* [Required work]: Here is the task for the listing below: output exactly the lines from the one containing "Glorious Studio with" through the one containing "شارك الفيلم في", and leave out the pictures.

* [Exercise input]:
^^^^
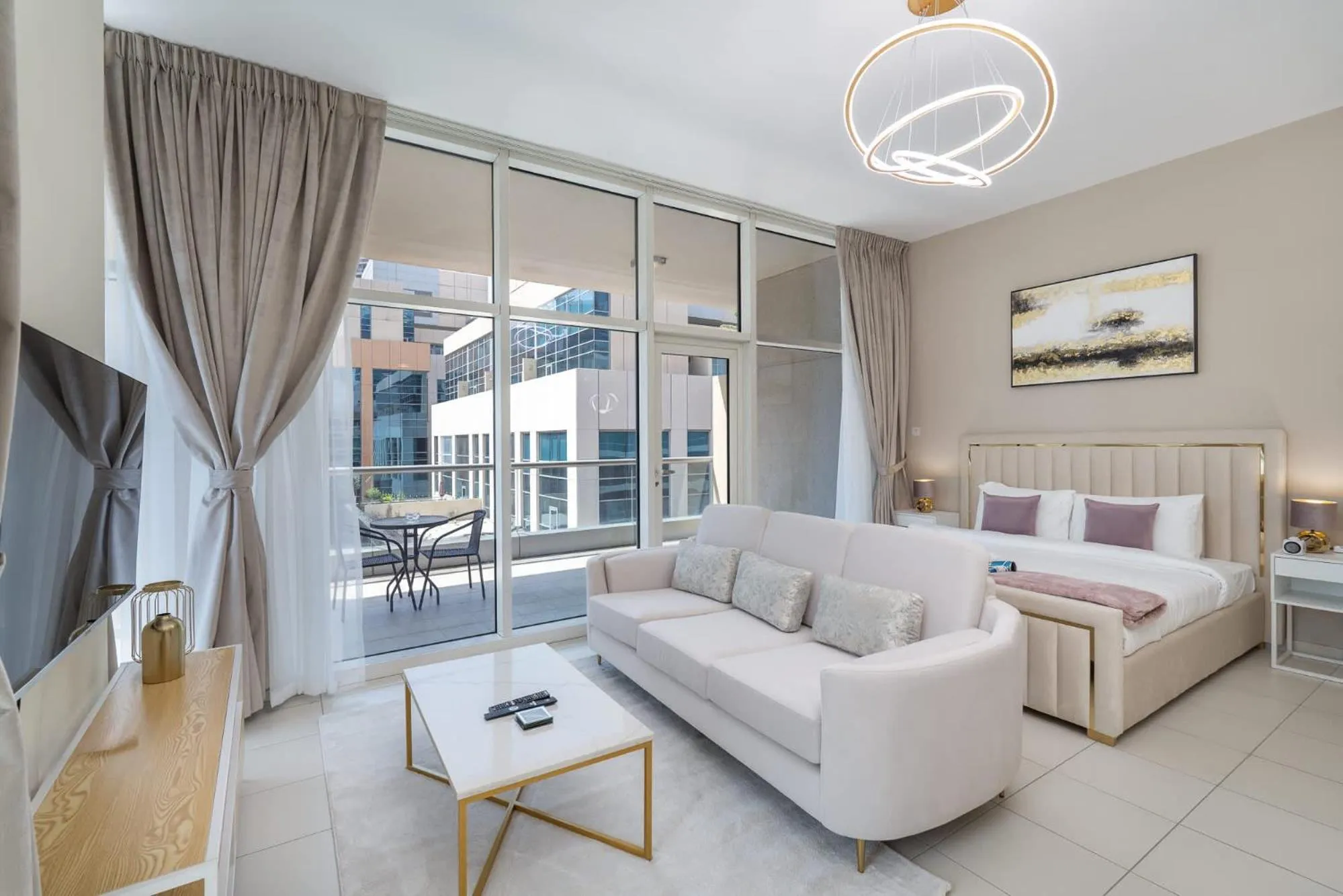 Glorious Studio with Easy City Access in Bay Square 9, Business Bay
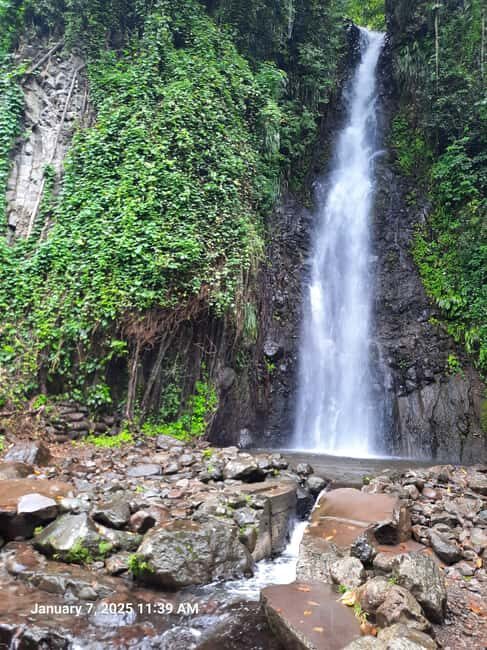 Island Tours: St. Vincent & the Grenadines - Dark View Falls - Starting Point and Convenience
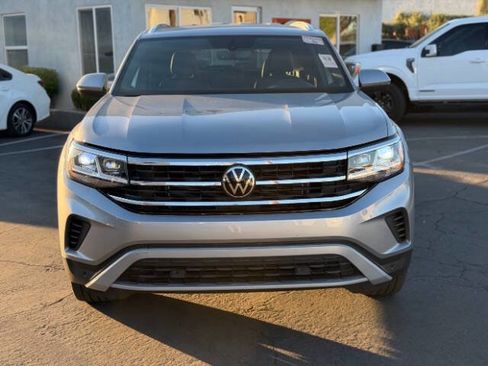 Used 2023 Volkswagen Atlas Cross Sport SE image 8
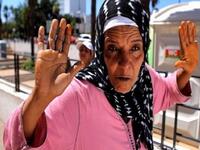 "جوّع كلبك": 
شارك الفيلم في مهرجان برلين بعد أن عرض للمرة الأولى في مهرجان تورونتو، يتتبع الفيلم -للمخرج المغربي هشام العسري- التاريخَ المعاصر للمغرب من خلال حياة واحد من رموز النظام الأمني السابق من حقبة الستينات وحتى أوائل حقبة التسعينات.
^^^^
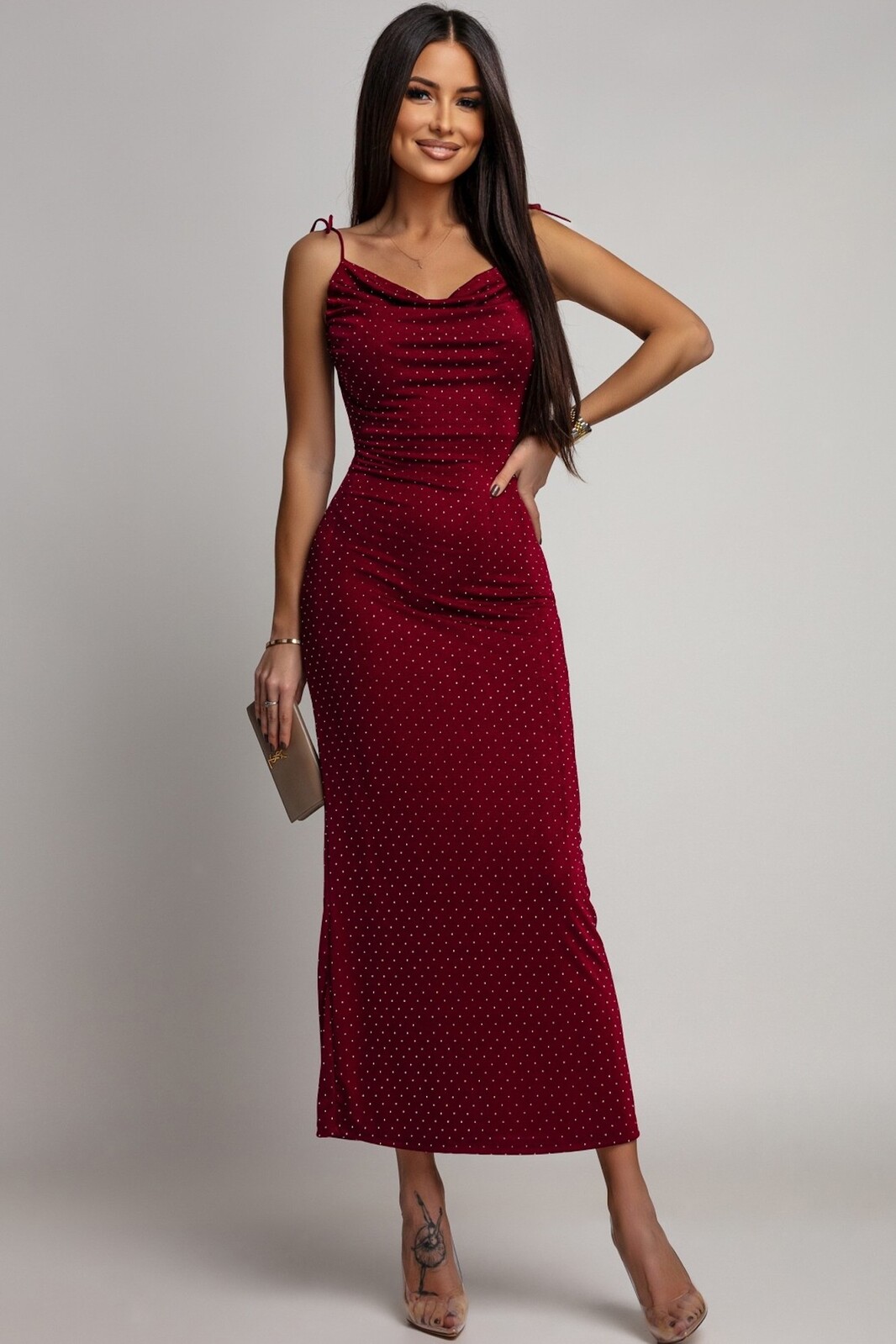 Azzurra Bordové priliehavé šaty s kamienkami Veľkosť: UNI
^^^^
* [Result]:
 Glorious Studio with Easy City Access in Bay Square 9, Business Bay
 Island Tours: St. Vincent & the Grenadines - Dark View Falls - Starting Point and Convenience
 Used 2023 Volkswagen Atlas Cross Sport SE image 8
 "جوّع كلبك": 
شارك الفيلم في مهرجان برلين بعد أن عرض للمرة الأولى في مهرجان تورونتو، يتتبع الفيلم -للمخرج المغربي هشام العسري- التاريخَ المعاصر للمغرب من خلال حياة واحد من رموز النظام الأمني السابق من حقبة الستينات وحتى أوائل حقبة التسعينات.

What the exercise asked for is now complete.